A cross section of over 50 faith leaders, civil society leaders and other leading figures have signed a joint letter to Paul Dacre, editor of the Daily Mail, in response to the paper’s divisive reporting on dangerous driving this week, which targeted ‘foreign’ truckers.
The Mail’s front page headline on 2 November 2016 read: “Madness: As a Polish lorry driver is jailed for killing a family while on his mobile, we catch 17 foreign truckers using their phones at 50mph. The law MUST be toughened.”
The signatories recognise that reporting news is a “force for good” and highlight the importance of the issue of dangerous driving with its devastating consequences, such as in the case described in the Mail’s report. They are, however, concerned that isolated coverage of foreign drivers unsupported by evidence could fuel divisions “in a climate where hate crime against minority communities is on the rise”.
In the Guardian’s report on the letter, Greater Manchester police chief Ian Hopkins emphasises the importance of media coverage on the dangers of driving while using mobile phones, but comments that “it is really important we don’t blame particular communities or groups of individuals without evidence”.
The open letter is reproduced in full below:
“We write with great concern following the Daily Mail’s front page of 2 November. Texting while driving has been one of the biggest causes of car-related deaths in the UK and it is important that in the case described in the Mail’s report, justice was served for the victims of this appalling tragedy caused by the dangerous driving of the driver.
Yet almost 100,000 people were caught by police last year for using a mobile phone behind the wheel, the vast majority of whom were almost certainly not foreign. By highlighting the unlawful use of mobile phones by foreign truck drivers alone, the Mail propagates the idea that foreign truckers are more likely to engage in this behaviour.
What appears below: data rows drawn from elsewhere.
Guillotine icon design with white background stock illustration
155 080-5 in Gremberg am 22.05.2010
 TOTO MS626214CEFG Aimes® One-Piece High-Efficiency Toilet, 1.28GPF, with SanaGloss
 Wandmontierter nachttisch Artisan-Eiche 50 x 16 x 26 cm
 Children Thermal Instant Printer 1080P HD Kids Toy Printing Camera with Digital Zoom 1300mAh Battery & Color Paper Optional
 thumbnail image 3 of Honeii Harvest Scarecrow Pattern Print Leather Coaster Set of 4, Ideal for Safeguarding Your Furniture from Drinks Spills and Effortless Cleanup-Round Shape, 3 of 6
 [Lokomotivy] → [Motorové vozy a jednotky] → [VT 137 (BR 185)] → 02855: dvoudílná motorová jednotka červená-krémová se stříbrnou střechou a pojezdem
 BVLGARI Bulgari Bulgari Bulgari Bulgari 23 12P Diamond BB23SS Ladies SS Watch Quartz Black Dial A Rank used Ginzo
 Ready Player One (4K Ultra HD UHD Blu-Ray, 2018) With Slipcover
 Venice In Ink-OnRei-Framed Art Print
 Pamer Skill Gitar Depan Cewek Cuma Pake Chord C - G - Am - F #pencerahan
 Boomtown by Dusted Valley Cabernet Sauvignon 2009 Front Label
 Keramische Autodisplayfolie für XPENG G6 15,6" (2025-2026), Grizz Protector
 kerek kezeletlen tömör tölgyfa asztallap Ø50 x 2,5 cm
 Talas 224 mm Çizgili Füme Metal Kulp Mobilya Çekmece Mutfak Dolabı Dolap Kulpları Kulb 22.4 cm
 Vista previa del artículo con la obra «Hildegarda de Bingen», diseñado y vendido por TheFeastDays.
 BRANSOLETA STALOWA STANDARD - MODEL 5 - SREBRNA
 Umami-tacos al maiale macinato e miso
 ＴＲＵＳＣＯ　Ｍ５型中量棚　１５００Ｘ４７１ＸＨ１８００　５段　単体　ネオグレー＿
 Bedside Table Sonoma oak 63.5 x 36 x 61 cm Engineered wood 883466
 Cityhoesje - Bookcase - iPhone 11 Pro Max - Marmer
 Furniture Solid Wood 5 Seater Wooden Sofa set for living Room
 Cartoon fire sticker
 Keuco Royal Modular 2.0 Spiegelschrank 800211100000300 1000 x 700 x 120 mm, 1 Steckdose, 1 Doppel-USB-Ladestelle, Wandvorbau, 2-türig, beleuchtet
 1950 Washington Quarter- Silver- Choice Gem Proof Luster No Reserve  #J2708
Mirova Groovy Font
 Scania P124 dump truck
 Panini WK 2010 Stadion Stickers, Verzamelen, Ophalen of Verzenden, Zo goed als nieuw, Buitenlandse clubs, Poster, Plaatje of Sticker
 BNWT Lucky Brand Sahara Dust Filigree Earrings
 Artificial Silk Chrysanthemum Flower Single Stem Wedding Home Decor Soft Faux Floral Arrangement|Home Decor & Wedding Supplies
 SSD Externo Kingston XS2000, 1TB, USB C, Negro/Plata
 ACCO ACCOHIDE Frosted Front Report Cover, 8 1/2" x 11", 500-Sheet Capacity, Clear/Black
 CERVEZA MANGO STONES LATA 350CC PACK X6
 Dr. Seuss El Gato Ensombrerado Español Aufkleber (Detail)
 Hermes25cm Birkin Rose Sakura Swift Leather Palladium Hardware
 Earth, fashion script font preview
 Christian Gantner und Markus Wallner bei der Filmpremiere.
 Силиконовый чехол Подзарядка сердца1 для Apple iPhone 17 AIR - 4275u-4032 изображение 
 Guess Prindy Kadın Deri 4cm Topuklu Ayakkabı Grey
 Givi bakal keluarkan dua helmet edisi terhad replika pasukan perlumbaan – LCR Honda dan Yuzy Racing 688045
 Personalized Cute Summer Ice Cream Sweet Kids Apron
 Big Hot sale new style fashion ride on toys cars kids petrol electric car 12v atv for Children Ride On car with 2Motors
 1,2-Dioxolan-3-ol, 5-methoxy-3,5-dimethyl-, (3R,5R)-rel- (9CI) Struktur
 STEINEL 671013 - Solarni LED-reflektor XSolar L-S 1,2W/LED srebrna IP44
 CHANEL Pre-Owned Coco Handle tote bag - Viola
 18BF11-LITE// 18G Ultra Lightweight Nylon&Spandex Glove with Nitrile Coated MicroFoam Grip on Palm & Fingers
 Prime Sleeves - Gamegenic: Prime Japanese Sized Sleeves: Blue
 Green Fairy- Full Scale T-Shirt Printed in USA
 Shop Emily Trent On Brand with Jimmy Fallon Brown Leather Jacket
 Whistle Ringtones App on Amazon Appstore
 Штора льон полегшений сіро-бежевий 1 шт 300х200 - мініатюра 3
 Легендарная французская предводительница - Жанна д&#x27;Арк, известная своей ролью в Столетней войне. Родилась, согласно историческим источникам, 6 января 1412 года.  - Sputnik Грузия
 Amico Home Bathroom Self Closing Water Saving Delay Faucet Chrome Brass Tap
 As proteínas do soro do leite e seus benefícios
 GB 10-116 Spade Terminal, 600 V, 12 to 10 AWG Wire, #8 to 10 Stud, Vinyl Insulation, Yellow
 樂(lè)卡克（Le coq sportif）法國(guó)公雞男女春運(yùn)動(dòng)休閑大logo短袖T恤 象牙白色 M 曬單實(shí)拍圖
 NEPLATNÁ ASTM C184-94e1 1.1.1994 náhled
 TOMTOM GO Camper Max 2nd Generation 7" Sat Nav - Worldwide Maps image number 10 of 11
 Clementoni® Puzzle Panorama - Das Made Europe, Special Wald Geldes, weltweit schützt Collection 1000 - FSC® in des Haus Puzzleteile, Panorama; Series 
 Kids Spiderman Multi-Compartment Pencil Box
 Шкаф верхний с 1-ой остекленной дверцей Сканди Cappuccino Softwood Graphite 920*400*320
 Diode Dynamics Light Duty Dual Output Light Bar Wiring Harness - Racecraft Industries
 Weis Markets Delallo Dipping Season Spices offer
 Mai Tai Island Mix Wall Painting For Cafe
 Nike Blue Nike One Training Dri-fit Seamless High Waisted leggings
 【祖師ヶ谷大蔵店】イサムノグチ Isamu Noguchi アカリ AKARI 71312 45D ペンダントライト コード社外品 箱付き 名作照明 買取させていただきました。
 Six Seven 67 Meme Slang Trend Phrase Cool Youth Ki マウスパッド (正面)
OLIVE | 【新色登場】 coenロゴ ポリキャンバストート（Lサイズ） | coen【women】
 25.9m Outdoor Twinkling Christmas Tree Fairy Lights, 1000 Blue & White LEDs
This is an unjustifiable slur with no evidence that incites hatred and ill-feeling towards the “other”, while doing little to advance the Mail’s goal of toughening law enforcement, or supporting the families of those killed in this incident. In a climate where hate crime against minority communities is on the rise, many have already publicly commented on how they believe such a front page article to be wholly irresponsible.
There is no doubt in our minds that reporting the news is a force for good, as it uncovers the truth and informs our society. We only hope that the Mail is able to reflect on whether its coverage of minority groups in our society does indeed uphold the highest professional standards of responsible journalism, or rather fuels divisions with real-life consequences”.